OS / Protocol Stack Monitoring
Summary: This is available via agent software that captures statements sent to the databases, and the corresponding responses. The agents are deployed either in the network protocol stack, or embedded into the operating system to capture communications to and from the database. They see an external SQL query sent to the database, along with the associated parameters. These implementations tend to be reliable, and low-overhead, with good visibility into database activity. This should be considered a basic requirement for any DAM solution.
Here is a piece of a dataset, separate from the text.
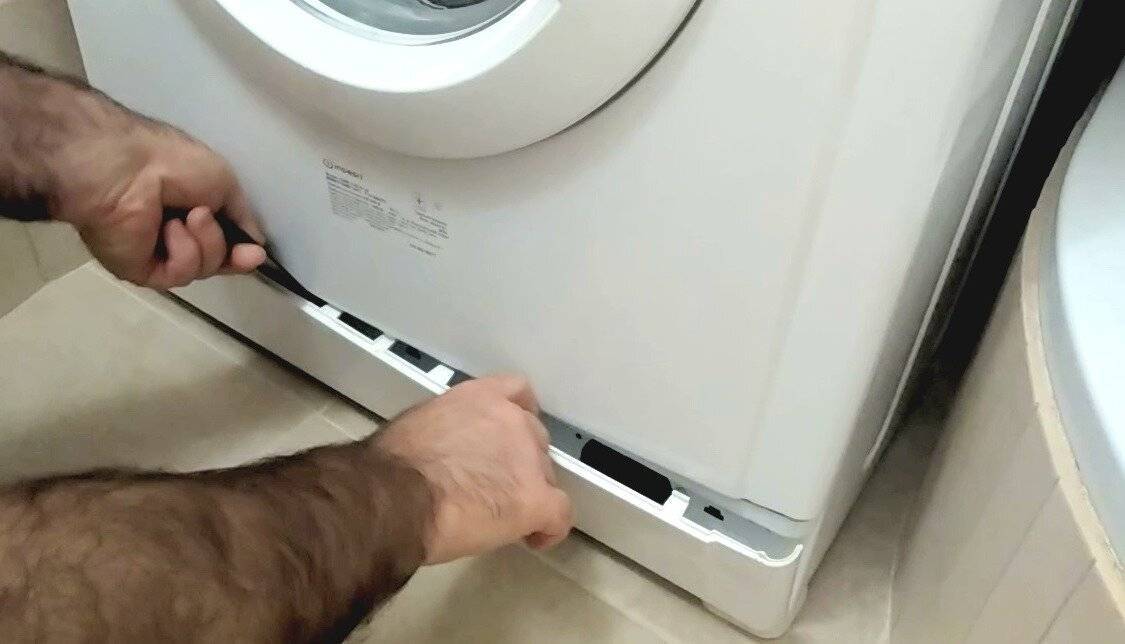 Как открыть фильтр стиральной машинки. Индезит очистка фильтра стиральная машина LG. Снять переднюю панель стиральной машины Индезит фильтр. Снять переднюю панель стиральной машины Индезит. Панель стиральной машины Bosch вертикальная.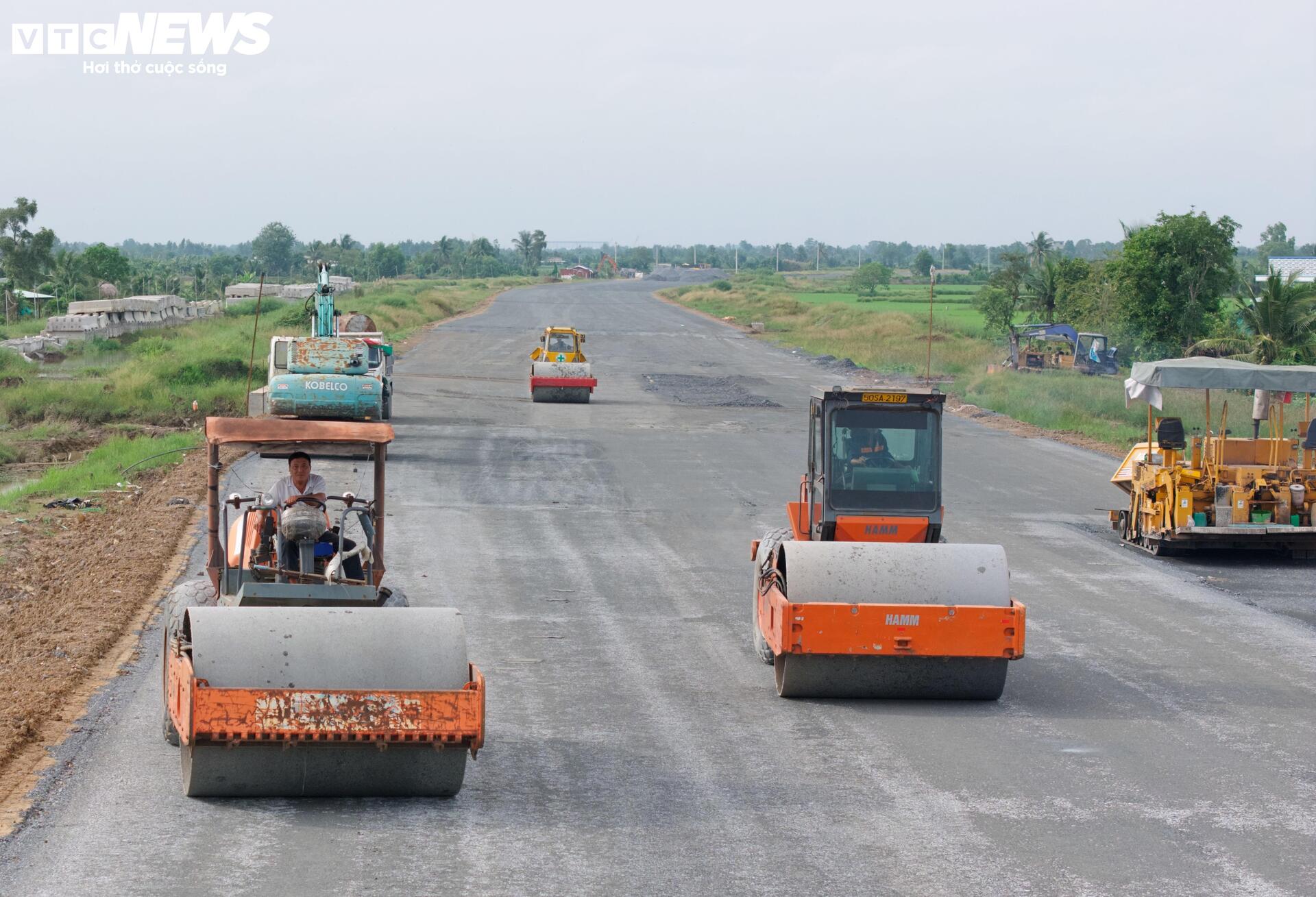 Toàn cảnh Vành đai 3 TP.HCM đoạn qua Tây Ninh tăng tốc về đích - Ảnh 5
Strengths: This is a low-impact way of capturing SQL statements and parameters sent to the database. What's more, depending upon how they are implemented, agents may also see all console activity, thus addressing the primary weakness of network monitoring and a typical compliance requirement. They tend to, but do not always, see encrypted sessions as they are 'above' the encryption layer.
Weaknesses: In rare cases, activity that occurs through management or OS interfaces is not collected, as the port and/or communication protocol varies and may not be monitored or understood by the agent.
System Tables
Summary: All database platforms store their configuration and state information within database structures. These structures are rich in information about who is using the database, permissions, resource usage, and other metadata. This monitoring can be implemented as an agent, or the information can be collected by a remote query.
Strengths: For assessment, and for cross referencing status and user information in conjunction with other forms of monitoring.
Weaknesses: Lacks much of the transactional information typically needed. Full query data not available. The information tends to be volatile, and offers little in the way of transactional understanding, or the specific operations that are being performed against the database. Not effective for monitoring directly, but rather useful in a supporting role.
Stored Procedures & Triggers
Summary: This is the original method for database monitoring. Using the database's native stored procedures and triggers to capture activity and even enforce policies.
Strengths: Non-transactional event monitoring and policy enforcement. Even today, triggers for some types of policy enforcement can be implemented at very low cost to database performance, and offer preventative controls for security and compliance. For example, triggers that make rudimentary checks during the login process to enforce policies about which applications and users can access the database, at which time of day, can be highly effective. And as login events are generally infrequent, the overhead is inconsequential.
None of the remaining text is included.